While cache coherency won’t disappear anytime soon, it is increasingly being viewed as a luxury necessary to preserve a long-standing programming paradigm. As a result, architectures are beginning to limit its use whenever it makes sense.

Caches effectively move selective areas of memory closer to the processor, reducing the wait time to process data and improving the overall performance. A contiguous memory space is an essential element of the von Neumann processor architecture, and one that is relatively cheap and easy to implement, even when multiple processors are added. But there are other ways to speed up processing, and using general-purpose processors and cache for everything is neither the fastest or the most efficient.

 


Fig. 1: Simplified cache coherency concept. Source: Wikipedia

Caching is complicated to manage, too. It creates a problem, because there are now multiple copies of certain pieces of the memory space. If a variable happens to be in use, and can be manipulated by multiple processors, the hardware has to ensure all those processors see the same value for that variable.

Within the context of a single chip, packaged solutions exist and can be adapted to most requirements. However, when coherence is required across chips, it becomes more difficult. Recently, standards have come into existence, such as CCIX and CXL, that ensure compatibility between systems from multiple vendors.

“Coherence is a contract between agents that says, ‘I promise you that I will always provide the latest data to you,'” says Michael Frank, fellow and system architect at Arteris IP. “It is mostly important when you have a lot of people sharing the same data set. Coherence between equal peers is very important and will not go away.”

But over time, as increasing numbers of processors have been added into designs, the cost associated with this solution has increased. “Heterogenous, dataflow-driven compute means doing more compute on more data,” says Adnan Hamid, executive president and CTO for Breker Verification Systems. “This data is being shared across more networks, while managing security and power. It is hampered by poor old Mr. Von Neumann and his memory bottleneck. Far from losing caches, high-performance systems are forced to implement multiple levels of distributed caches within and across chips, systems, and data centers.”

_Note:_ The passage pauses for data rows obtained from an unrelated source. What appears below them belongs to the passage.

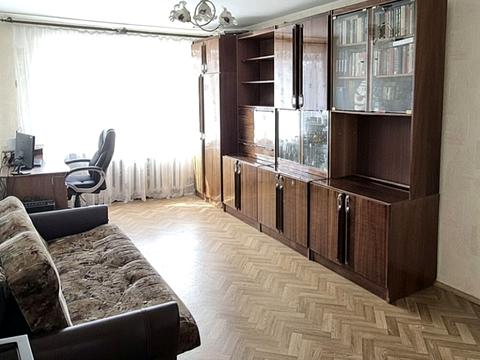 квартира за адресою Василя Симоненка вул., 20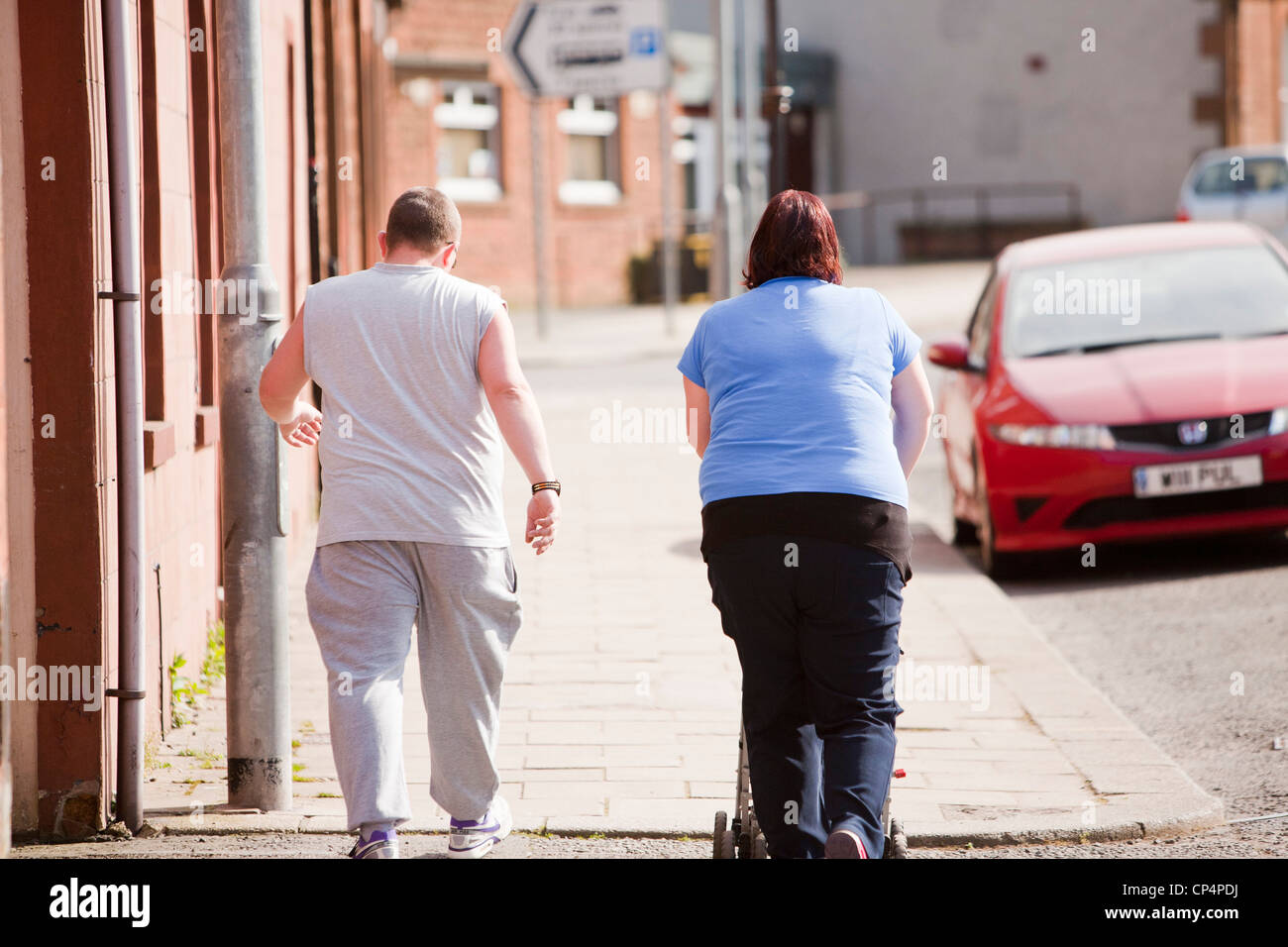 Un couple d'obésité dans les rues de Lockerbie, en Écosse, au Royaume-Uni. Banque D'Images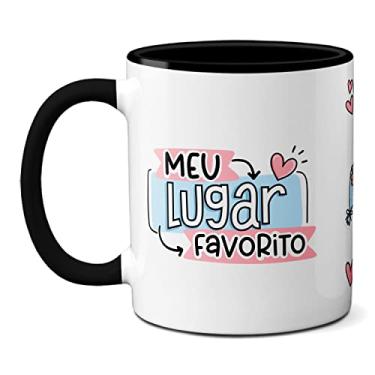 Imagem de Caneca Namorados Buquê Meu Lugar Favorito É Ao Seu Lado (Preta)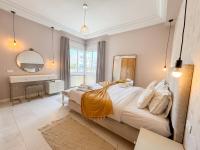 NEW 2BR Heart La Marsa Steps to the Sea - B&B La Marsa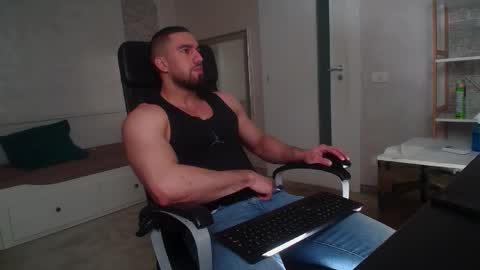 IvanHydee online show from 8, 2, 2026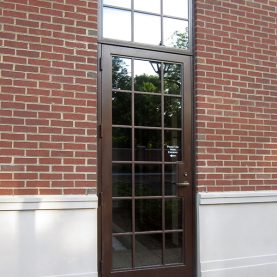 Towne Bank branch close up of Hopes custom steel door with thermal break.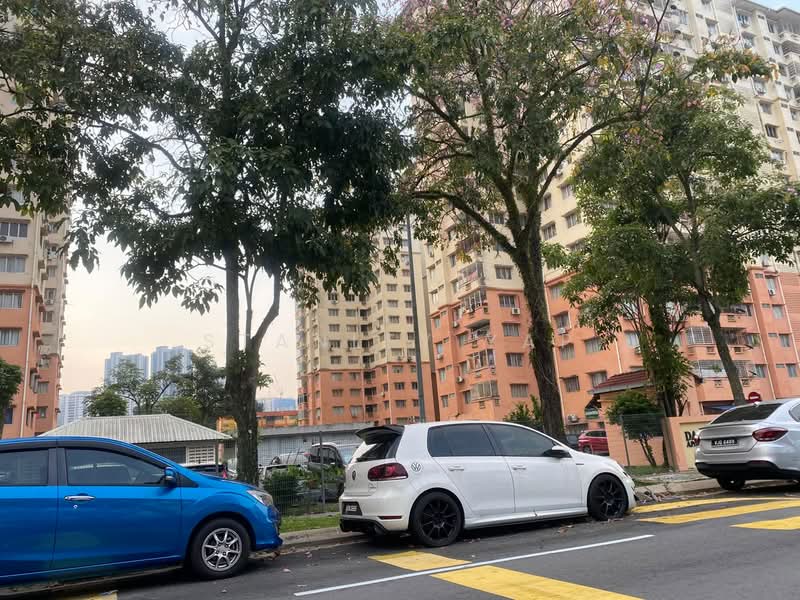 Pangsapuri untuk Dijual di Apartment Dahlia - Stanley Yap - Exterior - PropertyGuru.com.my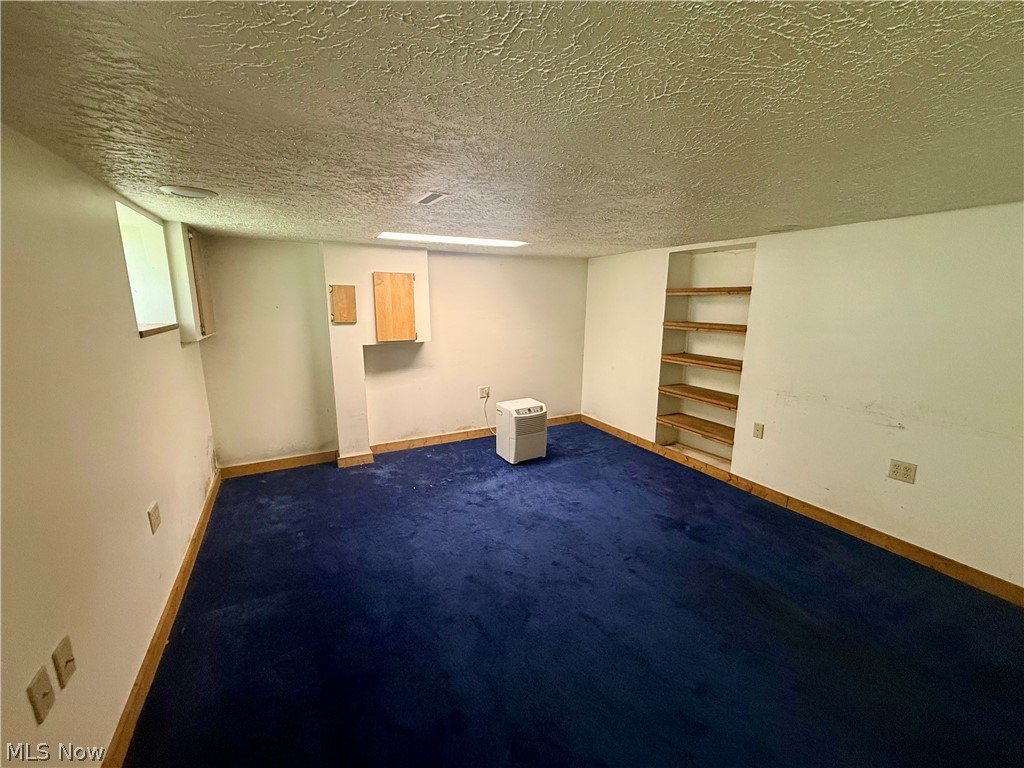 1056 Homewood Warren OH 44483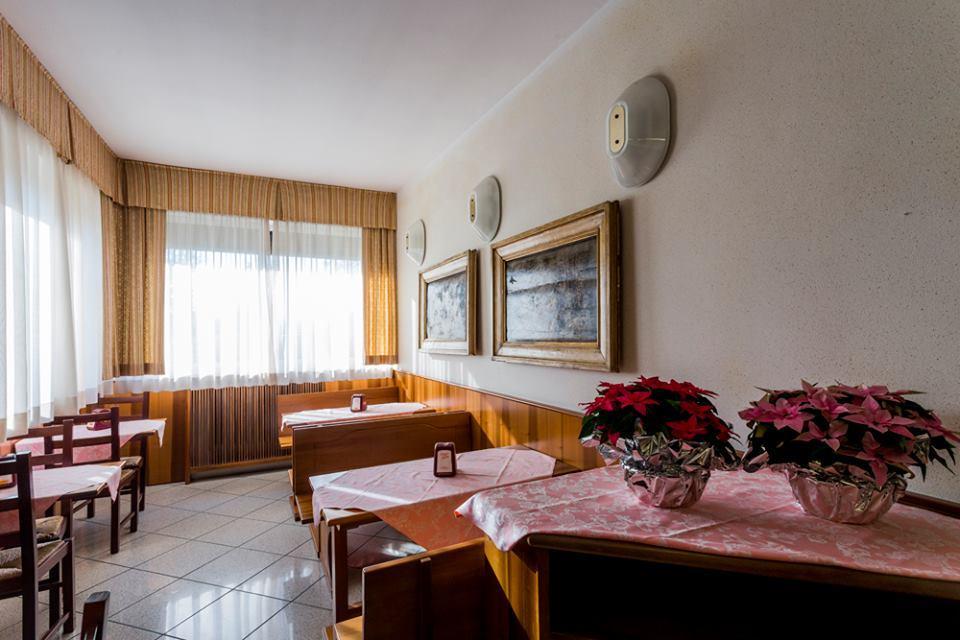 Hotel Fattori ボローニャ エクステリア 写真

Many new programming paradigms do not have this problem. Memory — or more correctly, the contents of memory — are provided to a processor on which it performs a task. On completion, the contents of that memory are made available to whoever else wants to work on it. It is simple, clean, fast, and efficient.

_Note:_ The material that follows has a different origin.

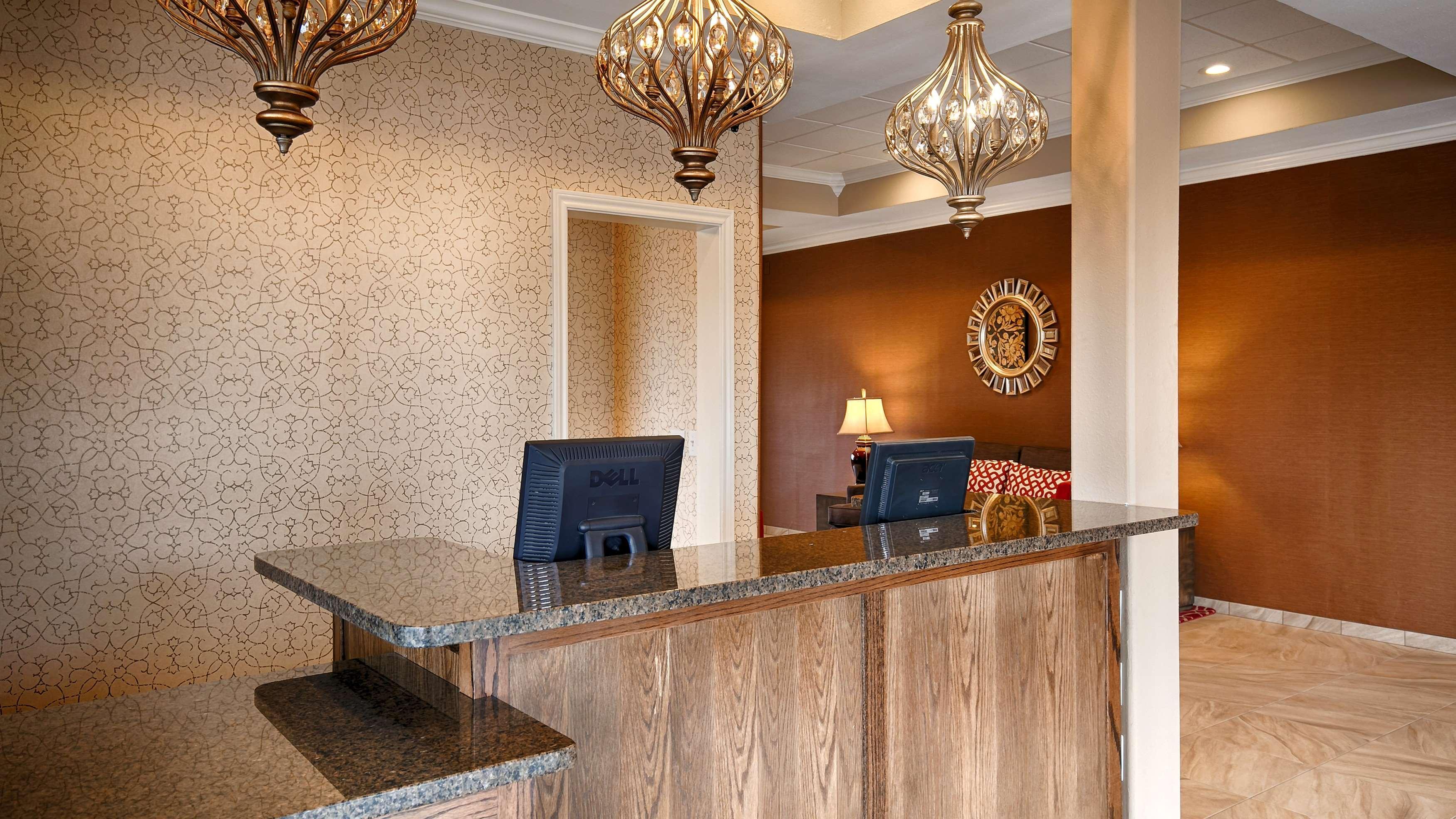 Vista Lobby Best Western Canton Inn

Still, change takes time. “The nature of processing continues to be multiple processing threads collaborating to complete some task,” says Millind Mittal, vice president for strategic architecture and fellow at Xilinx. “Even for heterogeneous architectures, one way to see the overall processing scope is that now, instead of homogeneous general-purpose processing (GP) threads on CPUs, work collaboration is among the processing threads that compromise GP threads and task-optimized processing (TP) threads.”

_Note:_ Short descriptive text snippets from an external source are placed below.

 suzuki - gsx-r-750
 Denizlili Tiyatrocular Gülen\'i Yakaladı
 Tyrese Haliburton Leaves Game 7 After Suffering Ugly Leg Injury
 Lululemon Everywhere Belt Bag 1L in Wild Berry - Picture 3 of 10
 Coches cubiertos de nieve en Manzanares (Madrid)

When the tasks are well understood, this can be avoided. “In a dataflow engine, coherence is less important, because you’re shipping the data that is moving on the edge directly from one accelerator to the other,” says Arteris’ Frank. “If you partition the data set, coherence gets in the way because it costs you extra cycles. You have to look up and provide the update information. But if you have a general accelerator type, say, a sea of equal processes with vector engines, coherency is the lifesaver because it allows you to rely on where the data is.”

That simplifies the design process. “Invariably there is a need for shared data structures between these collaborating threads,” says Xilinx’s Mittal. “Cache coherence helps in two ways — ease of achieving memory consistency for a shared data structure (no explicit software-driven coherence operation needed) or performance (when multiple threads have frequent access to a data structure). There are scalability and complexity issues with hardware-based coherency solutions.”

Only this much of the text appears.